═════ Exercise material ═════

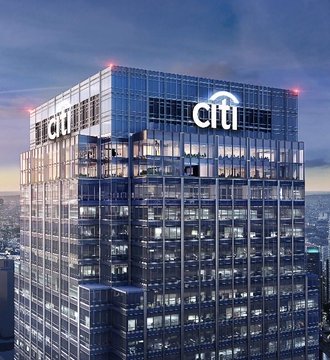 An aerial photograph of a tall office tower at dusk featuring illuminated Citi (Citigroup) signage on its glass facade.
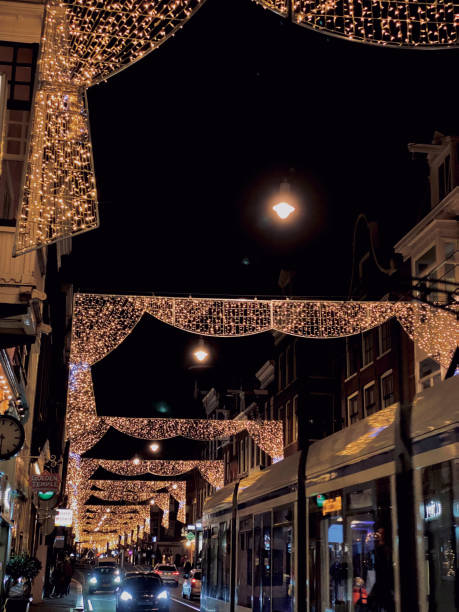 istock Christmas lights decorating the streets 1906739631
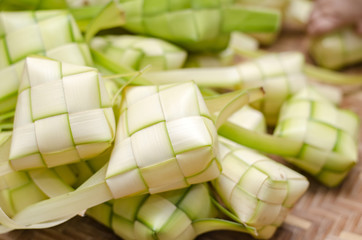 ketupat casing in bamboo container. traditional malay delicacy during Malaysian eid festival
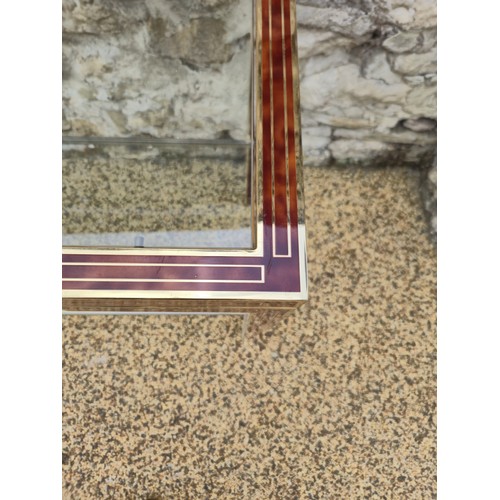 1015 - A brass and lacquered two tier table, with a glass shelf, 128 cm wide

═════
═════ Exercise material ═════

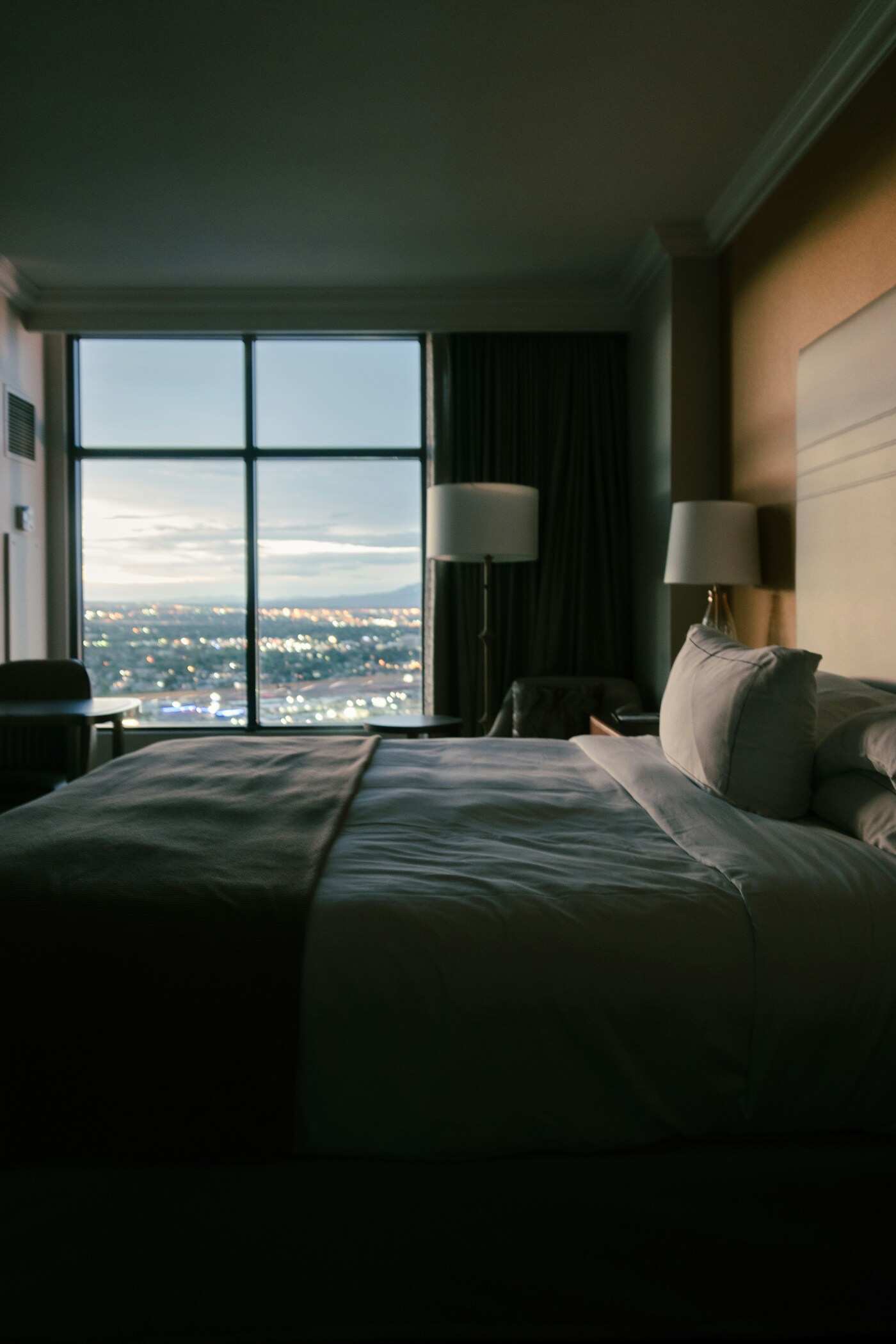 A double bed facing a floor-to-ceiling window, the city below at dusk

═════

Nothing but the lines from the one with "ketupat casing in" to the one with "1015 - A brass" above, both included, should be transcribed, exactly and without pictures.

 ketupat casing in bamboo container. traditional malay delicacy during Malaysian eid festival
 1015 - A brass and lacquered two tier table, with a glass shelf, 128 cm wide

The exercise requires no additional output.